=== Material provided ===
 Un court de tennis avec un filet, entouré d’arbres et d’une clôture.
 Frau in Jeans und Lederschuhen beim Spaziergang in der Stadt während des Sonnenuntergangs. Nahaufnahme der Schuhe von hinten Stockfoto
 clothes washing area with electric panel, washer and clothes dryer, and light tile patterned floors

* * *

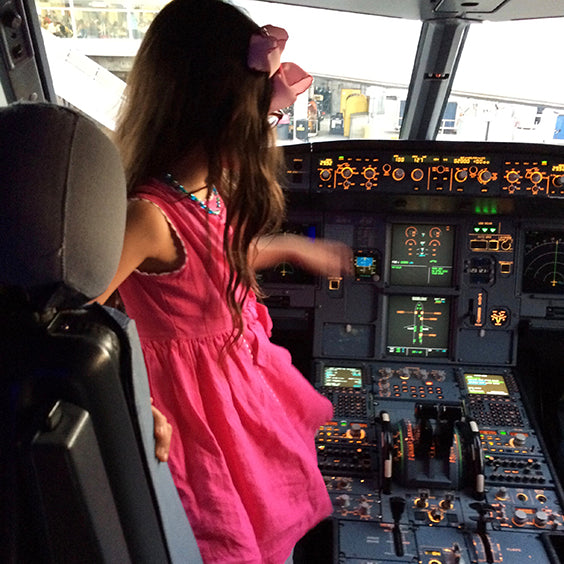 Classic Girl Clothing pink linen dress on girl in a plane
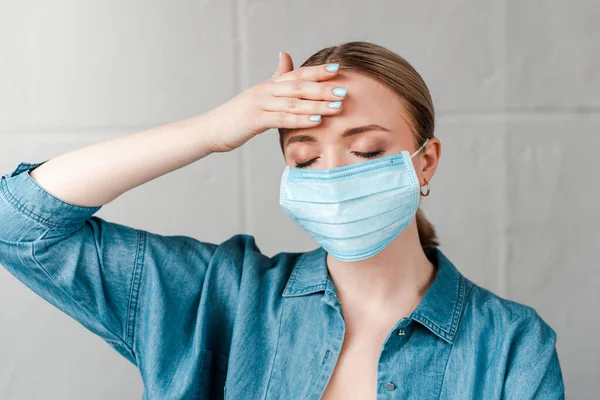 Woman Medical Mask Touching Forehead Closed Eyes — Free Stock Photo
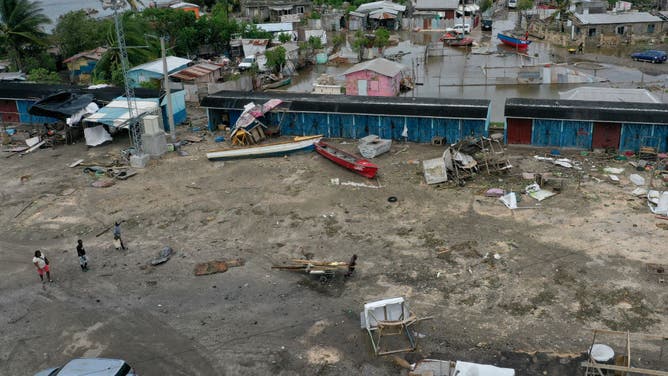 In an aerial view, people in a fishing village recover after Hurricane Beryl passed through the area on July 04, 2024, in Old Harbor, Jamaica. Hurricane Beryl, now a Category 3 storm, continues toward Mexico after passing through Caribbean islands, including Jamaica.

=== Task prompt ===
Would you print exactly, and only, the lines of the data above from the line with "Frau in Jeans" through the line with "clothes washing area", inclusive?

=== Exercise answer ===
 Frau in Jeans und Lederschuhen beim Spaziergang in der Stadt während des Sonnenuntergangs. Nahaufnahme der Schuhe von hinten Stockfoto
 clothes washing area with electric panel, washer and clothes dryer, and light tile patterned floors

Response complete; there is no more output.